Consider this example from an author who recently contacted Loomer with her story. It’s one that rings true throughout the industry: Her book had a price of $14.95, a print-on-demand print cost of $10.75 (which reflects a 100 percent markup), and a retail commission of 55 percent of the book’s price or $8.22. Unbelievably, the author was losing $4.02 every time she sold a book—and that’s without shipping or publishing costs factored in. (Online publishing with print-on-demand usually costs between $1,500-2,500.)
“Authors must put a lot of blood, sweat, and tears into the book writing process,” says Loomer. “It is time consuming and tedious, and they do it knowing they may never be fully compensated for the time they’ve put into their books.

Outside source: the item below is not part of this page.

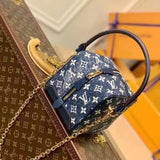 Close-up detail of signature structured women's handbag – women's statement bag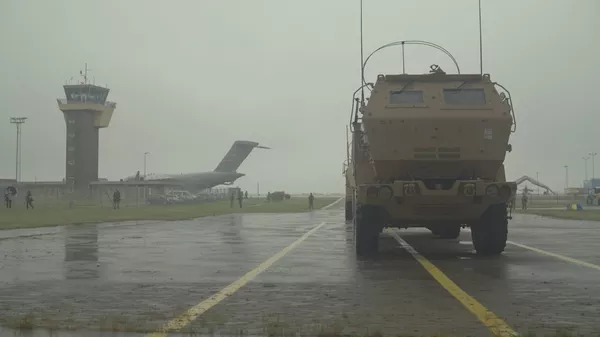 A M142 High Mobility Artillery Rocket System is positioned for a digital air-land raid at Bornholm, Denmark May 24, 2022. Soldiers with Bravo Battery, 1st Battalion, 14th Field Artillery Regiment, 75th Artillery Brigade loaded up two HIMARS and two High Mobility Multipurpose Wheeled Vehicles into a Boeing C-17 Globemaster III in Saaremaa, Estonia and were transported to the Danish island to conduct the exercise. This mission was in conjunction with DEFENDER-Europe 22 a series of U.S. Army Europe and Africa multinational training exercises within U.S. European Command’s Large Global Scale Exercise construct taking place in Eastern Europe. - Sputnik International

A business model where the primary contributor gets gypped every time is not a good business model. It is time for the publishing industry to acknowledge that.”
PUBLISHING PROBLEM 2:
Retailers make the big bucks. The current business model is great for business…if you’re the retailer making a 55 percent commission (or selling at a 110 percent markup depending on how you look at it) and not bearing any of the cost to bring the book to market. In the current business model, the retailers hold the power. By selling through Wubbit, authors’ and publishers’ sales commissions are reduced by 20 percent, sending those dollars straight to their bottom line.
PUBLISHING PROBLEM 3:
Current print-on-demand models gouge the customer. The solution to saving the publishing industry is a simple one: cost control. One area that is rife with cost-cutting opportunities is printing. Many smaller publishers have begun using print-on-demand to avoid having huge print runs of books that aren’t selling. Print-on-demand allows them to have much smaller print runs and print only books that they know they can sell, but smaller print runs mean increased printing costs per book.